Archspire headed a stacked tech death bill at The Underworld, Camden, with support from Beneath The Massacre, Vulvodynia and Inferi.



Archspire (w/ Beneath The Massacre, Vulvodynia, Inferi) at The Underworld (London, UK) on December 2, 2019

Vocalist Stevie Boiser of tonight’s openers Inferi described Archspire to the crowd as “The living embodiment of Sonic The Hedgehog,” which summarises their none-so-fast approach to technical death metal, or tech death. Sandwiched between these two artists are Vulvodynia and Beneath The Massacre, giving a stacked bill towards metal’s extreme end for a Monday night at The Underworld in Camden, London UK.

Inferi open the night with their debut UK show and, with no surprise, bring blast beats and slamming riffs. Performed full of enthusiasm, it’s plain to see that they’re enjoying their first time in London, embodied most by vocalist Boiser waving his arms as the infernal crowd conductor at the front of the stage. The tight stops in the entire band for “Behold the Bearer of Light” show their professionalism; this is a cut above a band you’d usually expect to find opening a show on a Monday. Here’s hoping they return soon and bring their take on the tech-death genre back to our shores ASAP – and when the band ask the crowd if they should come back, the roar in response shows everyone here agrees.
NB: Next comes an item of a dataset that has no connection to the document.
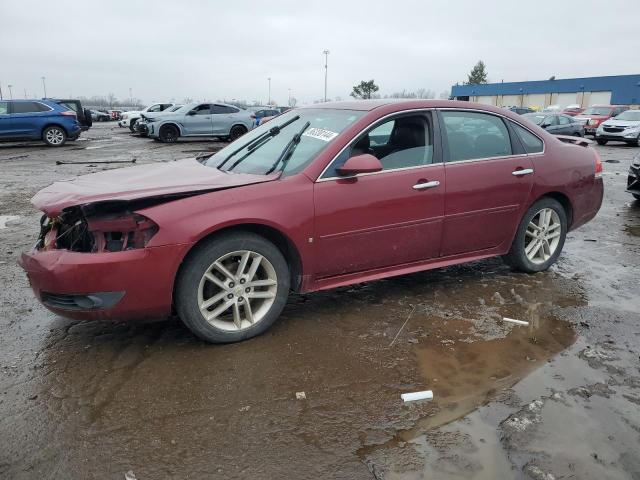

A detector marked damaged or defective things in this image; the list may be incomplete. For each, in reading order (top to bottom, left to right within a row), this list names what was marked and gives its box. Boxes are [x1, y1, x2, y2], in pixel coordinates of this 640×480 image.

crumpled hood [31, 157, 278, 215]
damaged front end [36, 201, 160, 253]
“Cursed Unholy” gives a taste of Inferi’s sound and some of the energy of their live show:

Vulvodynia have married top-notch music with meme mastery to grow a significant fan base across the globe. The South African slammers incite a visceral response from the crowd right from the beginning of their set, with all near the band opening up into a pit with a mass of flailing hair and bodies in front of the cramped stage. The intricacies in their music are harder to pick out than for Inferi, but the rhythms are strong and the bouncing mass in front of them don’t seem to mind – one of the comparisons between slam and tech. They put on another killer performance for the night, with the freezing cold of the British winter from outside now completely banished.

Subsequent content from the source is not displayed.